Una de las primeras mutaciones en aumentar la transmisibilidad se denominó N501Y, a veces conocida como "Nelly", una de las ocho mutaciones que caracterizaron la proteína de pico de la variante Alfa. El nombre técnico de la mutación es relativamente sencillo una vez que se comprende que se refiere a cambios en el genoma del virus, y esto a la estructura de aminoácidos que codifica.
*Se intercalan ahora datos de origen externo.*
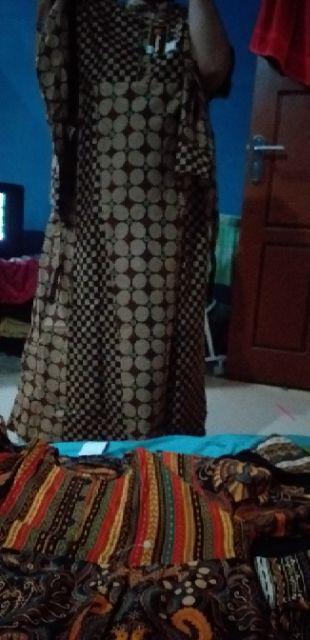 Yuli - Gamis Katun Ld 110 Cm Pb 135 Cm Batik Kencana Ungu(ku) Lebel Hitam(kuh)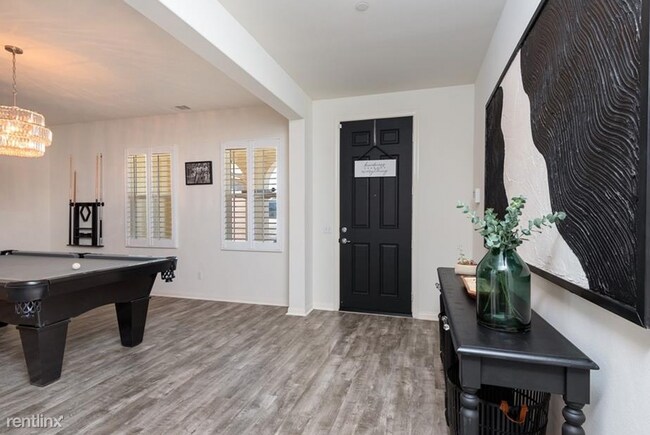 30451 Woodland Hills St Murrieta, CA 92563 photo 4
El "501" significa que el cambio está sucediendo en el aminoácido 501 en una cadena de 1273 que comprende el pico. El orden y la composición de estos aminoácidos viene dictado por una secuencia de genoma coincidente, de modo que "501" se refiere tanto a la posición en el genoma como a la posición en la cadena de aminoácidos. "N" es la abreviatura de asparagina, que en N501Y se cambia por "Y", que es tirosina. Dado que los diferentes aminoácidos tienen propiedades químicas ligeramente diferentes, este intercambio tiene un impacto en la estructura de la proteína de pico.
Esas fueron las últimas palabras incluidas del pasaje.